Genetically modified chickens, which can produce a drug in their eggs, have been approved by the U.S. Food and Drug Administration (FDA). The drug in question, called Kanuma, will be used to treat a rare disease of humans that often proves fatal for infants. The chickens, which themselves are technically classified as “animal drugs” by the FDA, will not be used for human consumption, and will be bred and kept in a lab.
Lysosomal acid lipase (LAL) deficiency is a rare genetic disease in which the body does not produce enough of the LAL enzyme. This means that the body cannot break down fatty material, which then builds up in the liver, spleen, and vasculature. It comes in two different forms, with the first affecting babies, usually around two to four months of age. Known as Wolman disease, it is rapidly progressive and is often quickly fatal. The second form, known as cholesteryl ester storage disease (CESD), is later in onset, normally occurring in early childhood but also in adults. Depending on the severity of the CESD, this form can be managed.
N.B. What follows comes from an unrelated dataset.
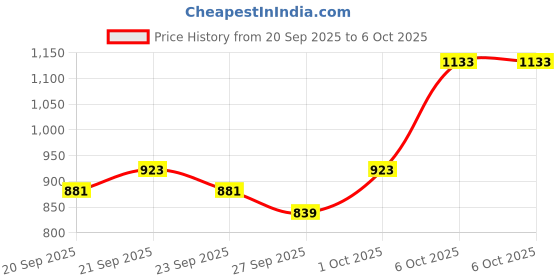 myntra.com Sangria A-Line Kurta with Trousers & Dupatta sangria Price History Graph from 20 Sep 2025 to 5 Oct 2025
Currently, treatment for the disease targets the symptoms, not the cause. This is where the transgenic chickens come in. They have been genetically modified to produce eggs in which the white portion contains a form of the human LAL enzyme. The pharmaceutical company can then take the white and refine it to get the enzyme, known commercially as the drug Kanuma, and then use this to treat those suffering from LAL deficiency, before the fat can build up and cause complications.
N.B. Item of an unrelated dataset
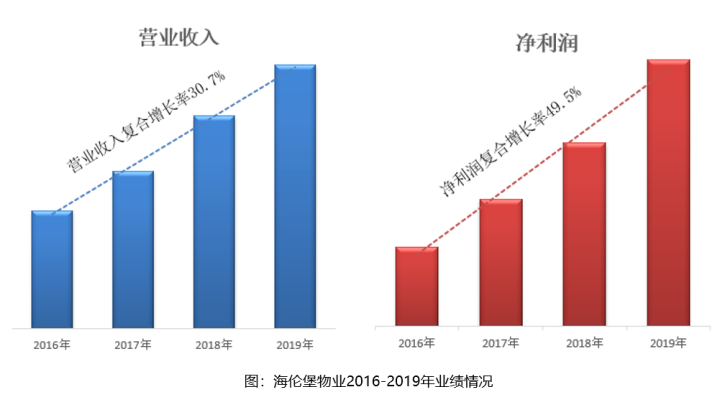 海伦堡房地产2020排名_喜报|海伦堡物业荣获“2020物业服务企业品牌价值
“LAL deficiency is a rare inherited genetic disorder that can lead to serious and life-threatening organ damage, especially when onset begins in infancy,” explains Janet Woodcock, the Director of the Center for Drug Evaluation and Research, in a statement. “Using this technology, these patients for the first time ever have access to a treatment that may improve their lives and chances of survival.”
Now that the chickens have been approved by the FDA, they join only a handful of other animals, known by some as “farmaceuticals.” Already on the U.S. market are GM goats, which produce an anticoagulant in their milk, and a drug produced in rabbits, which is used to treat angioedema – the rapid swelling of skin on the face and in the mouth. Although none of these animals are on the public market for consumption and are confined to labs, this year also saw the historic approval by the FDA of genetically modified salmon for food.
Interestingly, the GM chickens were fast-tracked through the approval process, and some think that this could open up the way for more transgenic animals that produce drugs to hit the market, proving that the goat and rabbit were not simply a one off.